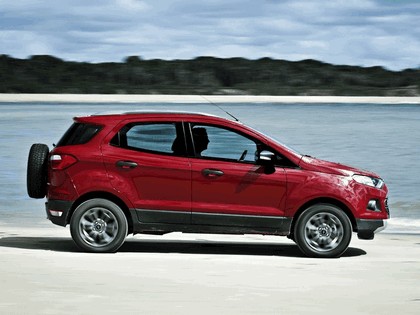 2013 Ford EcoSport Freestyle 2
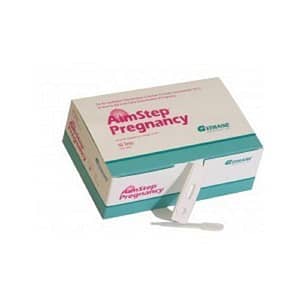 AimStep-Pregnancy-HCG-Urine-Cassette-by-Germaine-Laboratories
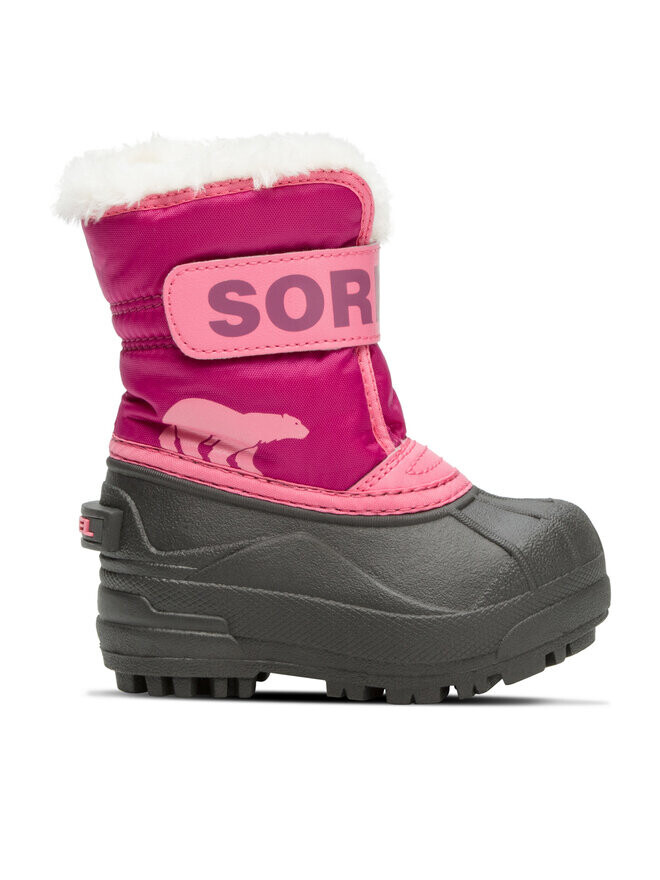 

Зимние Ботинки Sorel Snow Commander 2114102652, розовый
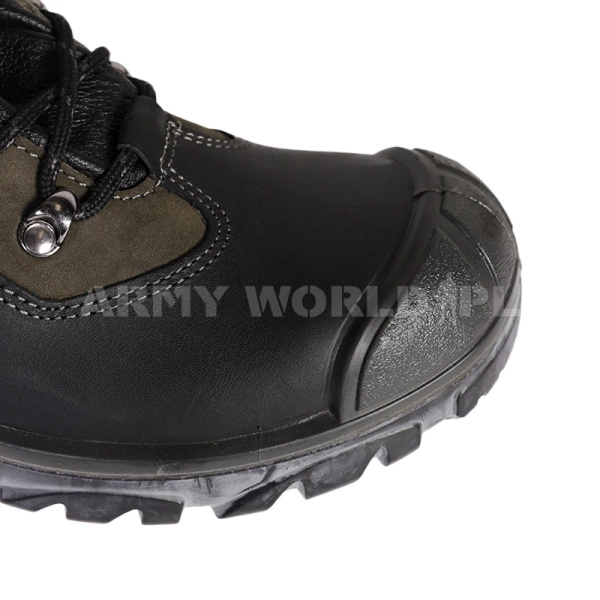 Buty Robocze Emma Primus 939 S3 SRC Czarno /Brązowe Oryginał Demobil BDB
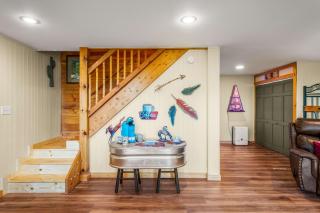 Firefly Ridge - Mountain Paradise! Cornhole Game, Hot Tub & Dogs - Sevierville - 3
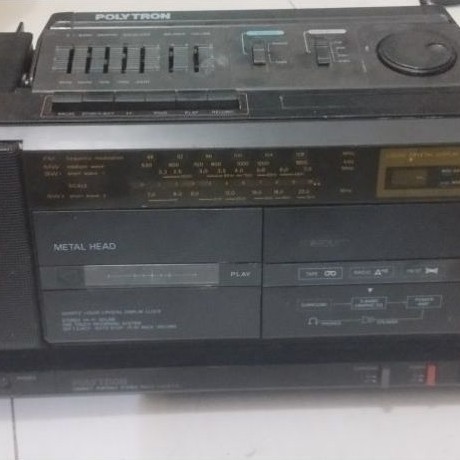 compo polytron PSC 35T vintage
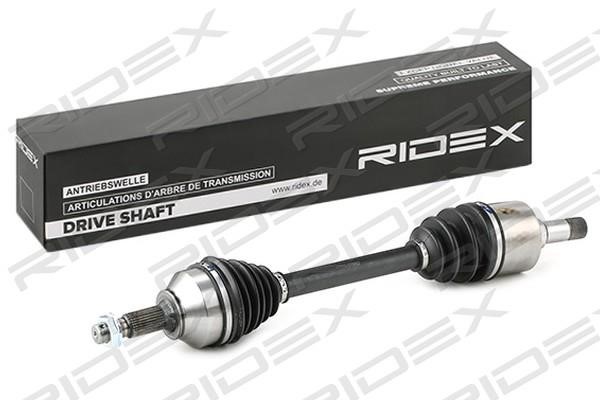 Ridex 13D0684 Вал приводной 13D0684: Отличная цена - Купить в Польше на 2407.PL!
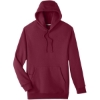 Custom Unisex Zone HydroSport™ Heavyweight Hooded Sweatshirt Sport Dark Maroon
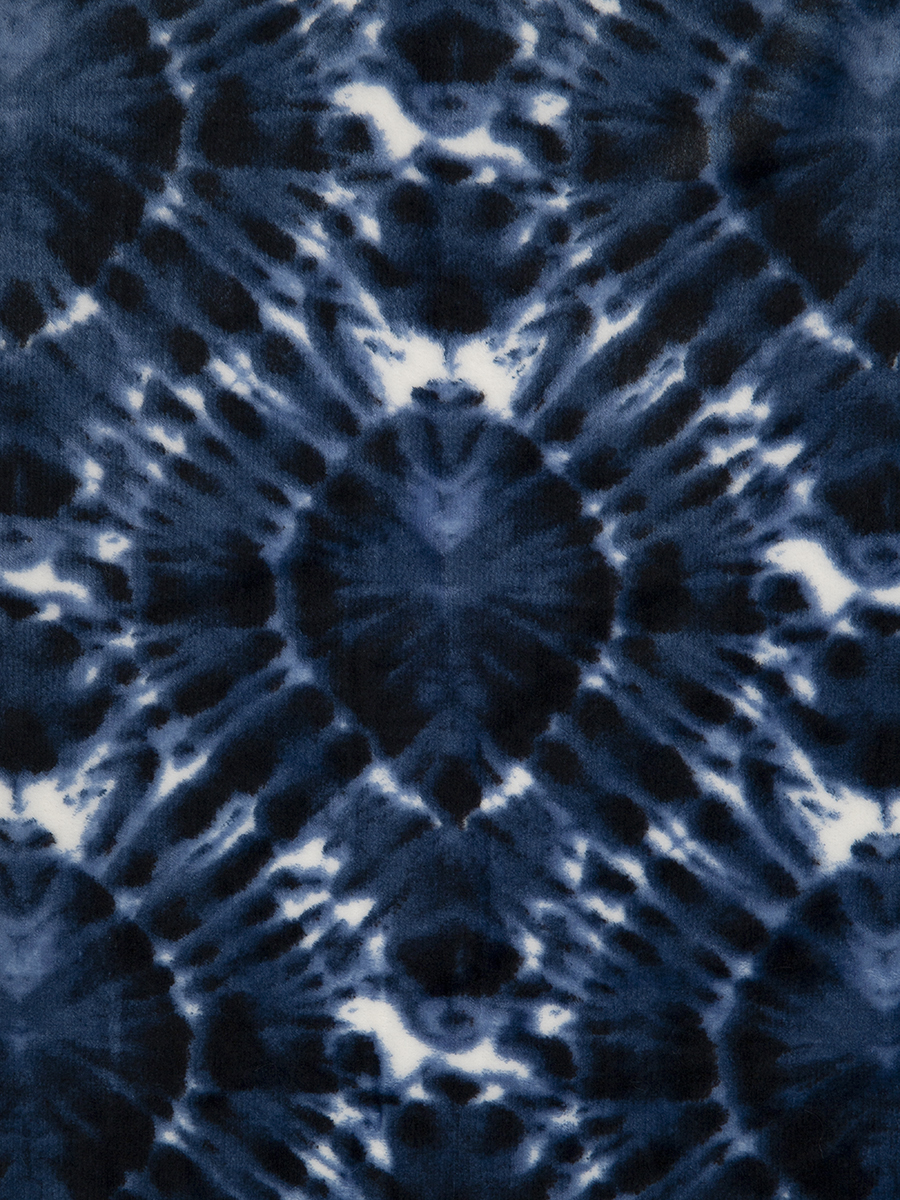 картинка Плед Texrepublic TF FN F151 a2022 Тай-дай 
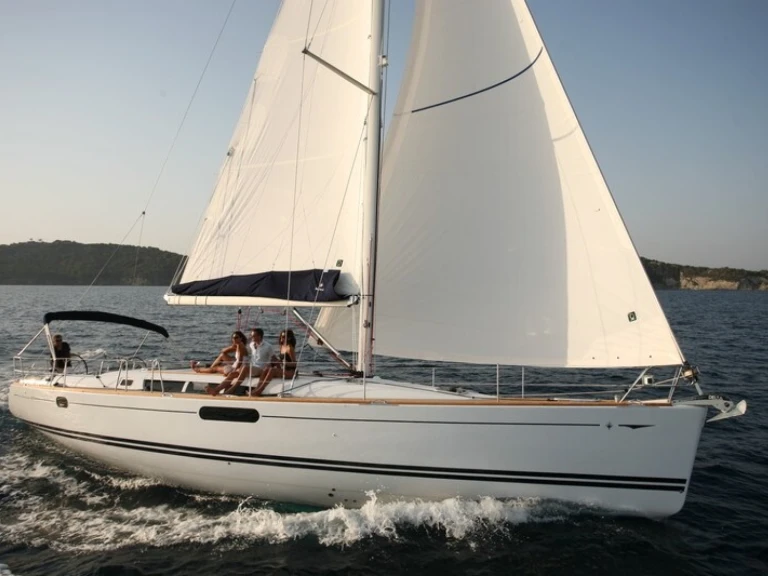 Alquiler Keramotí - Jeanneau Sun Odyssey 49i en SamBoat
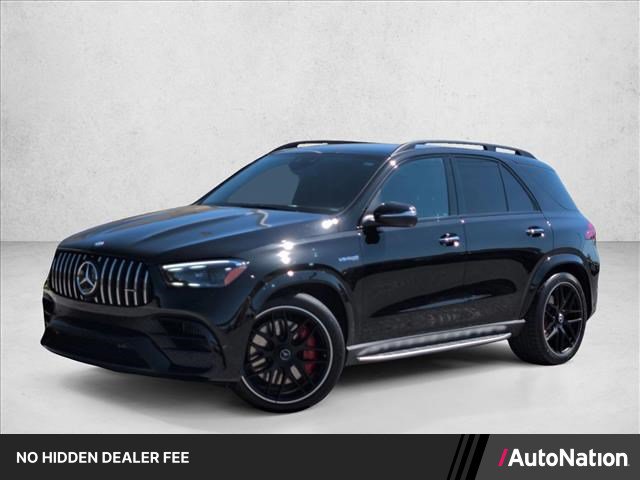 New 2025 Mercedes-Benz GLE 63 AMG S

---------------

### ACTIVITY
Only the lines from the one containing "Зимние Ботинки Sorel" through the last line of the entries above belong in the copy; reproduce them exactly and drop every picture.

### EXERCISE RESPONSE
Зимние Ботинки Sorel Snow Commander 2114102652, розовый
 Buty Robocze Emma Primus 939 S3 SRC Czarno /Brązowe Oryginał Demobil BDB
 Firefly Ridge - Mountain Paradise! Cornhole Game, Hot Tub & Dogs - Sevierville - 3
 compo polytron PSC 35T vintage
 Ridex 13D0684 Вал приводной 13D0684: Отличная цена - Купить в Польше на 2407.PL!
 Custom Unisex Zone HydroSport™ Heavyweight Hooded Sweatshirt Sport Dark Maroon
 картинка Плед Texrepublic TF FN F151 a2022 Тай-дай 
 Alquiler Keramotí - Jeanneau Sun Odyssey 49i en SamBoat
 New 2025 Mercedes-Benz GLE 63 AMG S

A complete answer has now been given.